Day 142 — Prometheus Metrics (client_golang)

Month 6 · Week 1 · ⬅ Day 141 · Day 143 ➡ · Journal index

🎯 Learning Objective

Instrument a Go service with the four Prometheus metric types and expose them for scraping, using prometheus/client_golang correctly (registration, labels, histograms, the RED method).

📚 Topics

  • Counter · Gauge · Histogram · Summary; labels & cardinality
  • promauto, the default registry, promhttp.Handler, exposition format

📖 Reading / Sources

📝 Notes

  • Four metric types → [[metrics]]:
  • Counter — monotonically increasing total (requests, errors). Only Inc/Add; queried with rate(). Never goes down except on process restart (a reset, which rate() handles).
  • Gauge — a value that goes up and down (in-flight requests, queue depth, temperature). Set/Inc/Dec.
  • Histogram — bucketed observations (latency, payload size). Pre-defined buckets; gives you _count, _sum, and _bucket{le=...}; quantiles computed server-side with histogram_quantile() → aggregatable across instances.
  • Summary — client-side quantiles; cannot be aggregated across instances.
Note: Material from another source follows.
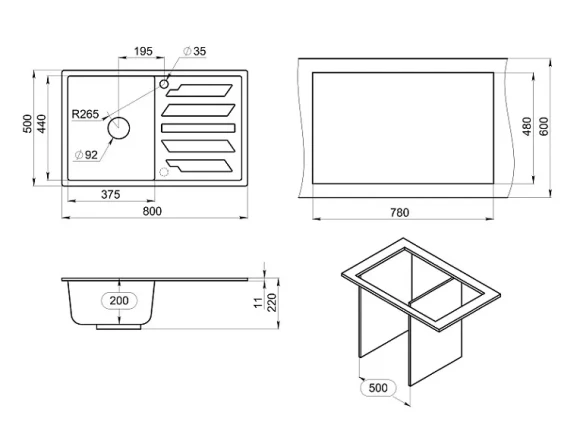 8002, ЧЁРНЫЙ, кухонная мойка, кварц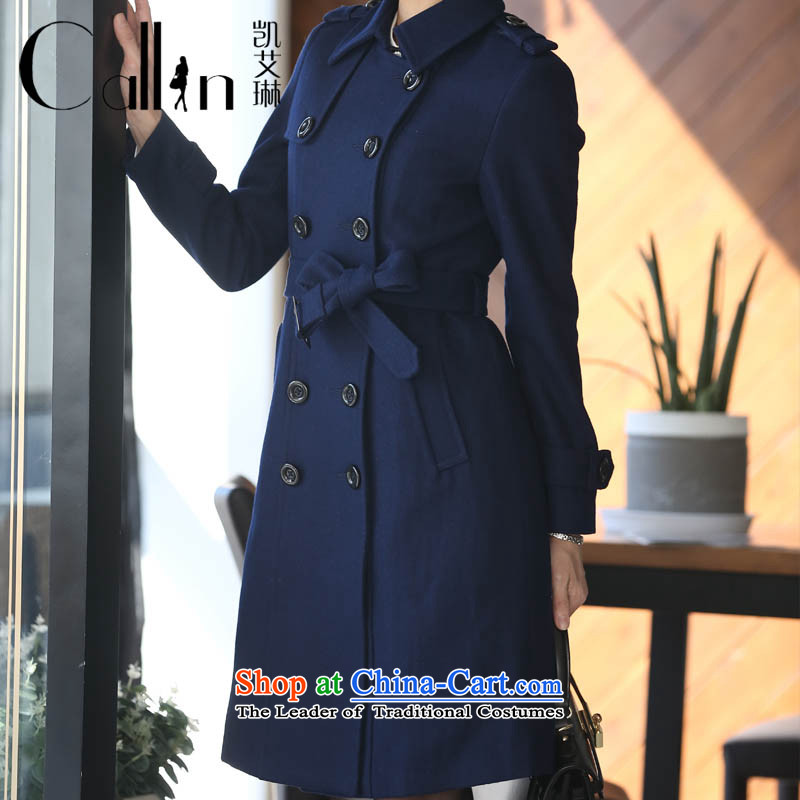 Gloria Irene in long double-Sau San video thin wool a wool coat 2015 autumn and winter coats female new professional attire is gross? coats of dark blue XXL, 1200 Kai Irene (THEY) , , , shopping on the Internet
Prefer histograms unless you need an exact local quantile.
  • Labels add a time series per combination. Keep label values bounded — never put user IDs, emails, or raw URLs in a label, or you get cardinality explosion → [[cardinality]]. Use the route template (/users/{id}), not the concrete path.
  • Every metric must be registered exactly once. promauto registers on creation; double-registering the same name panics. Define metrics as package vars in an init/metrics.go.
  • Expose with promhttp.Handler() at /metrics; Prometheus scrapes it on an interval. The body is the text exposition format (# HELP, # TYPE, name{label="v"} value).
  • RED method for request-driven services: Rate, Errors, Duration — a counter for requests, a counter (or label) for errors, a histogram for latency. (USE — Utilization/Saturation/Errors — is the resource-side counterpart.)
  • Histogram buckets are cumulative (le = "less than or equal"); choose buckets around your SLO (e.g. 5ms…2.5s), not the defaults, for latency.

💻 Code Examples

client_golang is third-party, so this is a snippet (no runnable stdlib example). The mechanics of a counter registry + exposition format are rebuilt with the stdlib in examples/month-05/metrics.

import (
    "github.com/prometheus/client_golang/prometheus"
    "github.com/prometheus/client_golang/prometheus/promauto"
    "github.com/prometheus/client_golang/prometheus/promhttp"
)

var (
    httpRequests = promauto.NewCounterVec(prometheus.CounterOpts{
        Name: "http_requests_total",
        Help: "Total HTTP requests.",
    }, []string{"route", "method", "code"}) // bounded label values only

    httpDuration = promauto.NewHistogramVec(prometheus.HistogramOpts{
        Name:    "http_request_duration_seconds",
        Help:    "Request latency.",
        Buckets: []float64{.005, .01, .025, .05, .1, .25, .5, 1, 2.5}, // SLO-shaped
    }, []string{"route"})
)

func instrument(route string, next http.Handler) http.Handler {
    return http.HandlerFunc(func(w http.ResponseWriter, r *http.Request) {
        start := time.Now()
        sr := &statusRecorder{ResponseWriter: w, code: 200}
        next.ServeHTTP(sr, r)
        httpDuration.WithLabelValues(route).Observe(time.Since(start).Seconds())
        httpRequests.WithLabelValues(route, r.Method, strconv.Itoa(sr.code)).Inc()
    })
}

http.Handle("/metrics", promhttp.Handler()) // scraped by Prometheus

🏋️ Exercises / Practice

Exercise Status Link
(concept) rebuild a counter registry + exposition format examples/month-05/metrics

🐛 Mistakes Made

  • Put the raw request path (with IDs) in a label → cardinality blew up. Switched to the route template.
  • Reached for a Summary for latency; learned histograms aggregate across replicas and Summaries don't.

❓ Open Questions

  • Native histograms (the newer sparse-bucket type) vs classic fixed buckets — when to switch?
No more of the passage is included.